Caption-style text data
'''

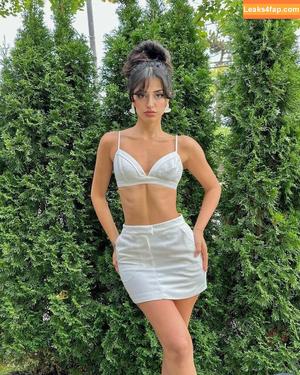 Melody Oz photo #0936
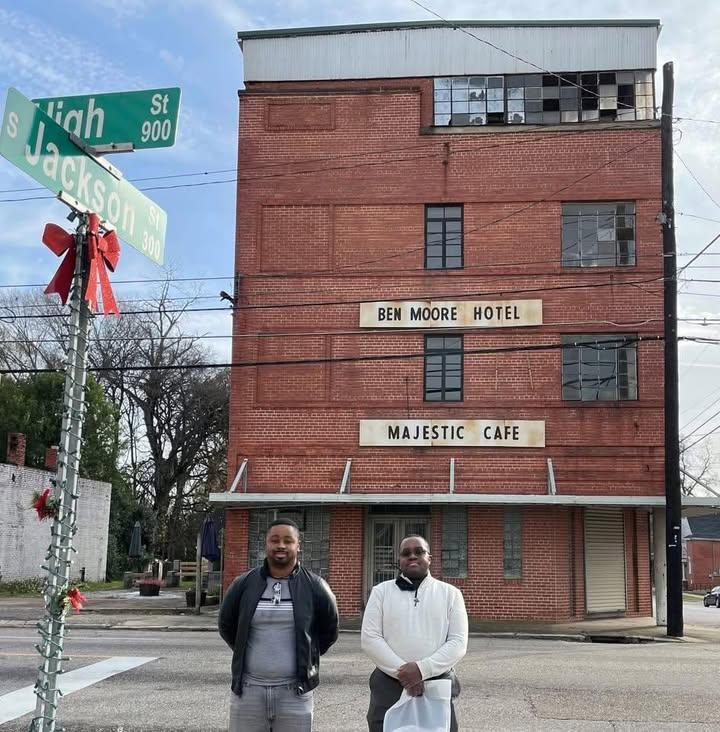  for Ben Moore Legacy Group in Chicago, IL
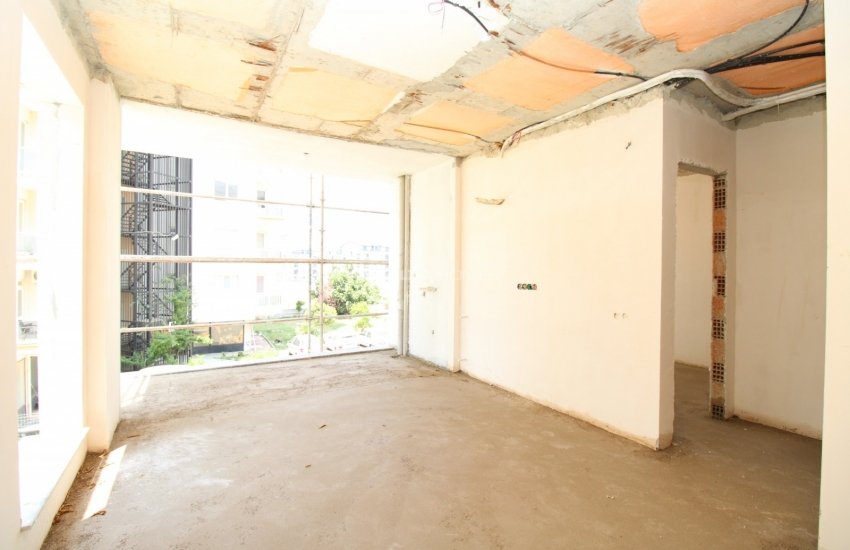 Apartment with High Rental Potential in Antalya Altintas 6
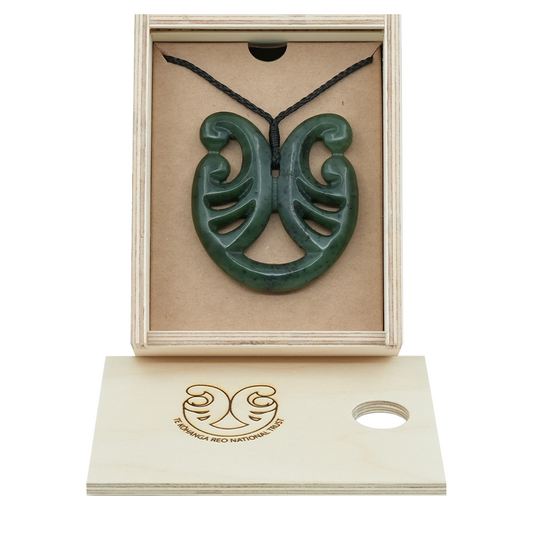 Taonga Pounamu – L192
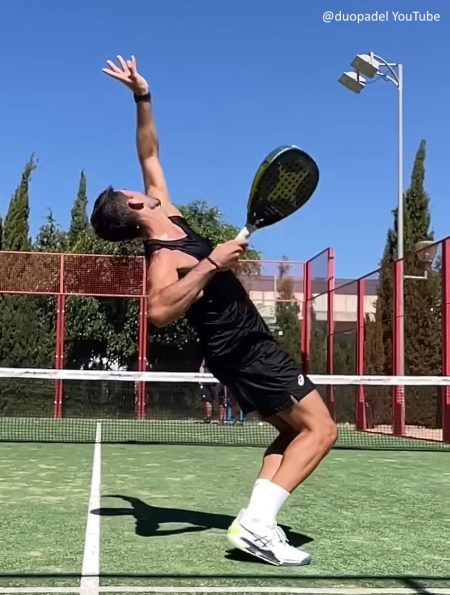 Beautiful kicksmash preparation from Javi Garrido - Courtesy of @duopadel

'''

- **Your assignment**
All of the data above is to be repeated exactly, with the pictures left out.

- **Result of the task**
 Melody Oz photo #0936
  for Ben Moore Legacy Group in Chicago, IL
 Apartment with High Rental Potential in Antalya Altintas 6
 Taonga Pounamu – L192
 Beautiful kicksmash preparation from Javi Garrido - Courtesy of @duopadel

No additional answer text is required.